Madame C... qui m'a reçu dans son modeste appartement à Saint-Hyacinthe, est une ménagère " ordinaire ". Tout énervée de recevoir un journaliste, elle en avait mal dormi et s'est levée tôt pour se coiffer et se pomponner... Quand j'ai été là, elle ne savait plus si elle devait me parler. Finalement, elle s'est lancé, " pour aider le monde ", s'est-elle justifiée.

" J'ai quatre enfants, deux gars, deux filles. Quand Normand a eu 14 ans, il s'est confié à sa soeur la plus vieille qui me l'a répété, le jour même : " Maman, je pense que Normand..."

" Tu m'apprends pas rien, que je lui ai répondu.

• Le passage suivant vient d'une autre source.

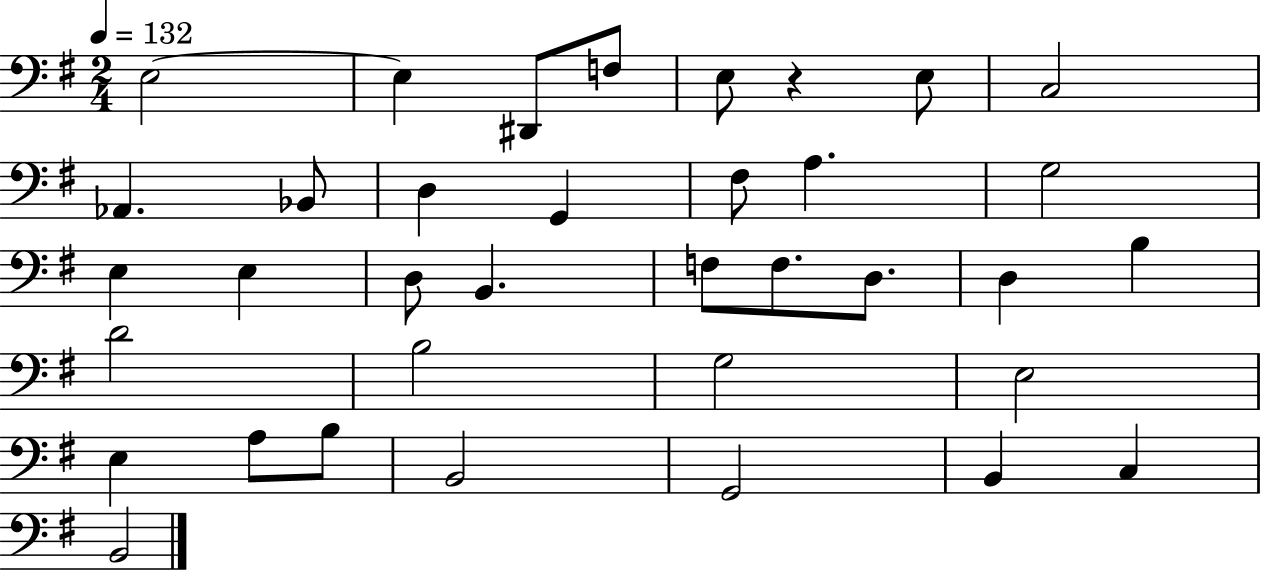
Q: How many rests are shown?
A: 1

" J'avais déjà des doutes. Mais ça m'a fait un tout petit peu mal pareil d'être sûre. J'ai pensé que c'était peut-être de ma faute. Pis j'ai pensé à Michel Girouard. Pis j'ai parlé à Normand : " Normand, tu sais pour ce que tu as raconté à ta sur ? Ça change rien. Je t'aime comme avant "...

" Après ça, je l'ai dit à mon mari. Mon mari c'est un gars de taverne. Jamais à la maison. Il a tout de suite eu les baguettes en l'air : " Dis-moi pas que j'ai une tapette dans ma famille ! " Deux ! que je lui ai répondu. T'oublies ton oncle, t'sais celui qui... Ça ne l'a pas calmé. Il s'est mis à rire en niaiseux : " Mon fils une tapette, ah, ah, ah ! "... J'ai levé la voix : va jamais rire de ça, toi ! Si tu te rappelles plus que c'est ton fils, t'es ben mieux de te rappeler que c'est toujours le mien. C'tu clair ?

" Avec son père, ça s'est jamais remis. Moi, j'ai redoublé d'affection. Pis aujourd'hui je suis bien fière de mon gars si vous voulez savoir...

" Y'est heureux, pis j'en demande pas plus ! "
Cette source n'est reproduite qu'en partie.